Entries provided »
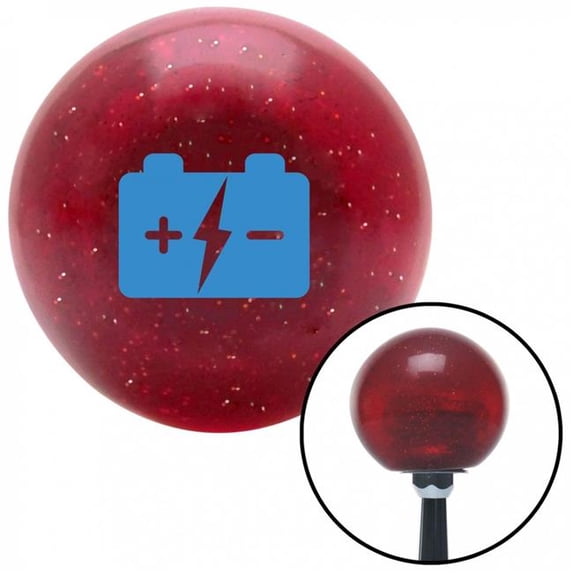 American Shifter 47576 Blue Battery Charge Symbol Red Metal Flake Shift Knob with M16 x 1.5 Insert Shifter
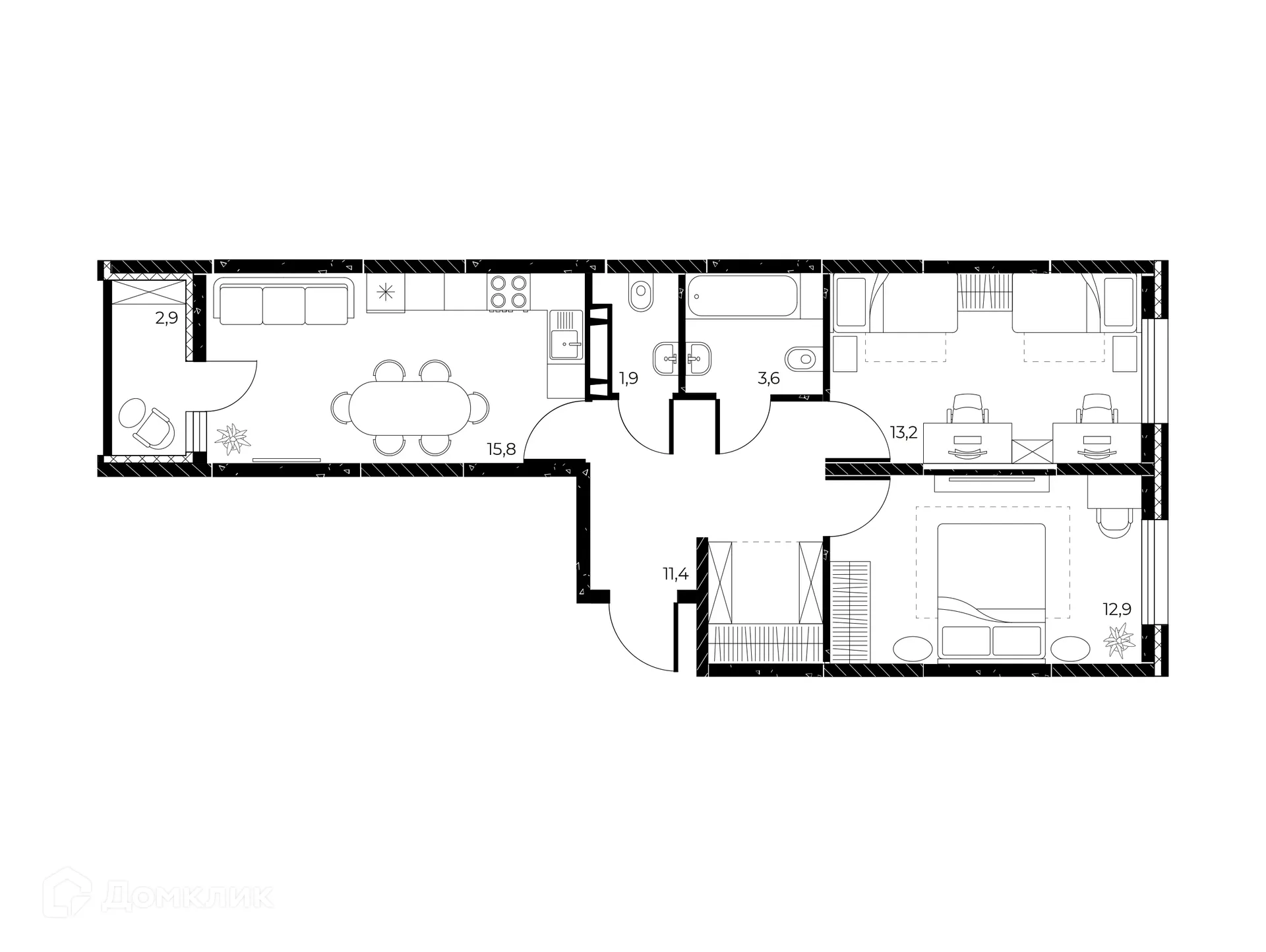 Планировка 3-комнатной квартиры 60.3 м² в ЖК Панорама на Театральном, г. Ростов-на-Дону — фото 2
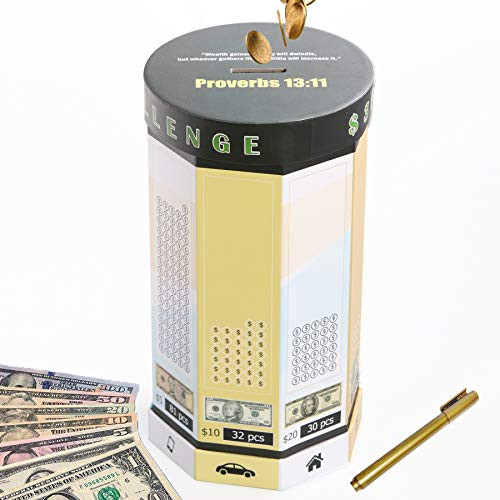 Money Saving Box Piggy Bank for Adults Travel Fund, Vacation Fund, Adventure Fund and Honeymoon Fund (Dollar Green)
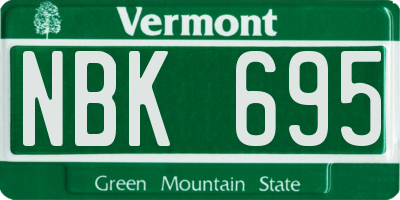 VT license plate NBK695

...

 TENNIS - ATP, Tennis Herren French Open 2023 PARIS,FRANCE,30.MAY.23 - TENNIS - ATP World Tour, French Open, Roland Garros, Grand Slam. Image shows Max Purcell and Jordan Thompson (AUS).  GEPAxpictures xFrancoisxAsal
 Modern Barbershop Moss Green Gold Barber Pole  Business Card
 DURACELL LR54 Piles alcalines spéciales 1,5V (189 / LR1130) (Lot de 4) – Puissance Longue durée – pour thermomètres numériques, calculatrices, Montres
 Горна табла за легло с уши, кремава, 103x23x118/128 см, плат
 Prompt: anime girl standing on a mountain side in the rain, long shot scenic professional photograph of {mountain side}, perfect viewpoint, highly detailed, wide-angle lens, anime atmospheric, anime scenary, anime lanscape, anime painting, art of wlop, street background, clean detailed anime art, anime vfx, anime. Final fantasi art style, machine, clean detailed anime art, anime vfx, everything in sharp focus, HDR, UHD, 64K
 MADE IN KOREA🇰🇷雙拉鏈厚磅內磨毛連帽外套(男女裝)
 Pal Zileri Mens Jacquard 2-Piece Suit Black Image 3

Problem description »
Which lines above run from the one containing "Горна табла за" to the one containing "Pal Zileri Mens"? Give them again exactly, both ends included.

Solved problem »
 Горна табла за легло с уши, кремава, 103x23x118/128 см, плат
 Prompt: anime girl standing on a mountain side in the rain, long shot scenic professional photograph of {mountain side}, perfect viewpoint, highly detailed, wide-angle lens, anime atmospheric, anime scenary, anime lanscape, anime painting, art of wlop, street background, clean detailed anime art, anime vfx, anime. Final fantasi art style, machine, clean detailed anime art, anime vfx, everything in sharp focus, HDR, UHD, 64K
 MADE IN KOREA🇰🇷雙拉鏈厚磅內磨毛連帽外套(男女裝)
 Pal Zileri Mens Jacquard 2-Piece Suit Black Image 3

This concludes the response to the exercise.